The collapse of civilisation could be just around the corner, as a result of human-caused environmental change occurring at an unprecedented scale and pace.
That’s the conclusion reached in a new report from the Institute for Public Policy Research (IPPR), which suggests a combination of global warming, damaged soils, fewer pollinators, chemical leaks and ocean acidification means impacts on the planet have reached a critical stage.
It argues mainstream political and policy debates have failed to recognise this and adds the situation is now so bad that is risks eroding the conditions upon which socioeconomic stability is possible.

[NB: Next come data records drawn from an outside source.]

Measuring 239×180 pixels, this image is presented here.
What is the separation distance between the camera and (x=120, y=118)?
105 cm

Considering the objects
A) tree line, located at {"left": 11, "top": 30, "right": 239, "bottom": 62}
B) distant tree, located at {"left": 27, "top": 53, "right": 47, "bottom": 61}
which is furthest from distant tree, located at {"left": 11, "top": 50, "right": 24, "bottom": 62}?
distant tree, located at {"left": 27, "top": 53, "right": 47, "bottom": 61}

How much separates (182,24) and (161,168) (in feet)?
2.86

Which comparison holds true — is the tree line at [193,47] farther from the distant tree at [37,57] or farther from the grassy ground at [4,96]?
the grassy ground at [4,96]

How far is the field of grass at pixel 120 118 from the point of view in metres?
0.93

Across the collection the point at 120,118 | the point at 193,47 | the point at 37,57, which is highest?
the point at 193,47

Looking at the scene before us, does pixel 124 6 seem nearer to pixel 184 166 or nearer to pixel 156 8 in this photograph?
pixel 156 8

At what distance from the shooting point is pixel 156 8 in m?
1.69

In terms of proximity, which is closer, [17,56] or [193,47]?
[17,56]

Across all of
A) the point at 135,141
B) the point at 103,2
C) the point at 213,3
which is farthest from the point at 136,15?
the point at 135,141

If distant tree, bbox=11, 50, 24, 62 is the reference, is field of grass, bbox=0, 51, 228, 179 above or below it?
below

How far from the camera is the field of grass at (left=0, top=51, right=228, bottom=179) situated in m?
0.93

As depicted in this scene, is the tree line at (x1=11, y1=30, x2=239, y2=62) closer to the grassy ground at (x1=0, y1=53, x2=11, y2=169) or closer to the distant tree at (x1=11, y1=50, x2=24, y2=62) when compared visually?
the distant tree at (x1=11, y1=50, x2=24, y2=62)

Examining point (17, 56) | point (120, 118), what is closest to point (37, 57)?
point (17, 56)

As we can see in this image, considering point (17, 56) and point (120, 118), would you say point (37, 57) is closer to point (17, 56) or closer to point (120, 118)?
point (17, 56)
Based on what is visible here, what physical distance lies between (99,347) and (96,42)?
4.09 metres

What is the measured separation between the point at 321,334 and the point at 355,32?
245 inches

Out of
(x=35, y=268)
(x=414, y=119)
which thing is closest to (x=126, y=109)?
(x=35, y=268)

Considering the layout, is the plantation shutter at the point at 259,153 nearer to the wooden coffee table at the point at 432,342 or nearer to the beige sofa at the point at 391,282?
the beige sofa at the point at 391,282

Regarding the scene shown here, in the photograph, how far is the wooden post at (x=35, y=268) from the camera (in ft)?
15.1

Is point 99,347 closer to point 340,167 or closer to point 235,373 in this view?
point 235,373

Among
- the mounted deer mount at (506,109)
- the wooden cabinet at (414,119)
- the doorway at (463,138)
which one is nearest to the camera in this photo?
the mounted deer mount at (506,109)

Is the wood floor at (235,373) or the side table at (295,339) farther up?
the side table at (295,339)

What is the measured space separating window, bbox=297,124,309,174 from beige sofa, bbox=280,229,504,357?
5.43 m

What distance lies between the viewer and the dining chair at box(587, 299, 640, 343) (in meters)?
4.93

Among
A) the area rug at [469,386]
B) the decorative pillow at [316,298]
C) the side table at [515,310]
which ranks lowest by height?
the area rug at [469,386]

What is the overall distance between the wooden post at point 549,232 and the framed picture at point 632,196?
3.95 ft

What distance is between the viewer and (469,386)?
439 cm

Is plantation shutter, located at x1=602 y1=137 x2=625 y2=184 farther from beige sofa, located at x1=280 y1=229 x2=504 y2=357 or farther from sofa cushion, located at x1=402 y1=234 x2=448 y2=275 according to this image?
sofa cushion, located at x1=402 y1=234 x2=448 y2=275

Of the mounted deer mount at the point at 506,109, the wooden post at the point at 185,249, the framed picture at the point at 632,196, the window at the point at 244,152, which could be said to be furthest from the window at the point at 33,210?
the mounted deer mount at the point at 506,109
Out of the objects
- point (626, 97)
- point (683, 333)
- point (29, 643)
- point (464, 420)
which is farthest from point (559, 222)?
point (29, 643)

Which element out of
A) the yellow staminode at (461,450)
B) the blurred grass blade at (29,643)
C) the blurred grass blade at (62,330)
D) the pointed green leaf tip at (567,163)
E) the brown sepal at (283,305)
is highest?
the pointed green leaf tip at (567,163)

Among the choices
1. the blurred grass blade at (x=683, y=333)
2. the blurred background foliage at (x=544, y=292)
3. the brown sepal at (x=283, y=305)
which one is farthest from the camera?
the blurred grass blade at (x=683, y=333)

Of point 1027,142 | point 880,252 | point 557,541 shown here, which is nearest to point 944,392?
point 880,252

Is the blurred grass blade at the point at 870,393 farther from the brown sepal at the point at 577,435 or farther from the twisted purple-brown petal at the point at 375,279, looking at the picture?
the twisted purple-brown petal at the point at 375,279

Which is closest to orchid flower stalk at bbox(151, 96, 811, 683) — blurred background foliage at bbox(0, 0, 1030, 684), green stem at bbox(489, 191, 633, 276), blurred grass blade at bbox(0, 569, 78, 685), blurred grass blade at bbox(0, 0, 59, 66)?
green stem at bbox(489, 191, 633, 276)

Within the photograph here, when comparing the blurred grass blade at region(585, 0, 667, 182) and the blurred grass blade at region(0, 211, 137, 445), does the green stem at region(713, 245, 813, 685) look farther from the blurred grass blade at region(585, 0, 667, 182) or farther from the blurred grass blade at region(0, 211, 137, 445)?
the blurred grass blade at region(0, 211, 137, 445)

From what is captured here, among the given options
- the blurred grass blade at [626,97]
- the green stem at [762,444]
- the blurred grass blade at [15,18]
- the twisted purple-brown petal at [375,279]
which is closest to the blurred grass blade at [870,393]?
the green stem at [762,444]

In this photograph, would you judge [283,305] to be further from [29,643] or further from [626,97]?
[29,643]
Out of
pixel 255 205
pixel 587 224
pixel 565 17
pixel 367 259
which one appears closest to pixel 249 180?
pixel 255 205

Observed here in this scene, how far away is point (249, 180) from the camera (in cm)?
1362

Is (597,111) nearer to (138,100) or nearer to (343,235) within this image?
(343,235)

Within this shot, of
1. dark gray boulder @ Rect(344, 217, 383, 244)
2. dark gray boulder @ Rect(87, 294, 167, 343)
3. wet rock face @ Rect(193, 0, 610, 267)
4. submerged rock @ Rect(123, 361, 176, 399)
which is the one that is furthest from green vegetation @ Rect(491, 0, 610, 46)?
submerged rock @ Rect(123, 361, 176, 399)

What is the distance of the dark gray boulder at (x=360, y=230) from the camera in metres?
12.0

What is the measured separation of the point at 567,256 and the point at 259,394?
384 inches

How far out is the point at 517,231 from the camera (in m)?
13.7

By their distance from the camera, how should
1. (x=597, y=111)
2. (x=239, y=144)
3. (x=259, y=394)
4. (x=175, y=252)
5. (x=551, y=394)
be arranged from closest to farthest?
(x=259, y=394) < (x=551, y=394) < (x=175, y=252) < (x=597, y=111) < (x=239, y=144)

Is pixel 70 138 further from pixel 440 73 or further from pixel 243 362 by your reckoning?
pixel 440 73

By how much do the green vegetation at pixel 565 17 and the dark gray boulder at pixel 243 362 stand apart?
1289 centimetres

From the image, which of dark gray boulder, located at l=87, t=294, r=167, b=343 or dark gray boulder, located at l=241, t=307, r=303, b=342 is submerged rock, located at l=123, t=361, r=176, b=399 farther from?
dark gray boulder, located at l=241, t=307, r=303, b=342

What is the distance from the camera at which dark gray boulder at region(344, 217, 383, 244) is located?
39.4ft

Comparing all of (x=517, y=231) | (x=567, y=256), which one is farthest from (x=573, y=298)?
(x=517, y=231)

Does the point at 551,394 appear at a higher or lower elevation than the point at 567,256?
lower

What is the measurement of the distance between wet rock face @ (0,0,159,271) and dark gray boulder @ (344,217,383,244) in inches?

The report shows since 2005, floods have increased 15-fold, temperatures have become 20-times more extreme and wildfires have increased seven-fold.
In addition, fertile soils are now being lost 40 times faster than they are being replenished by natural processes and vertebrate populations have fallen by an average of 60% since the 1970s.
The IPPR warns these issues could cause economic instability, large-scale involuntary migration, conflict, famine and the collapse of social and economic systems if they continue unabated and stresses the consequences of environmental breakdown will likely fall hardest on the poorest, who are most vulnerable to its effects and least responsible for the problem.
It calls for policymakers to realise the scale and pace of environmental breakdown, the implications for societies and the subsequent need for transformative change.
The report says this is vitally important in the UK, which it warns is already one of the “most nature-depleted countries in the world”.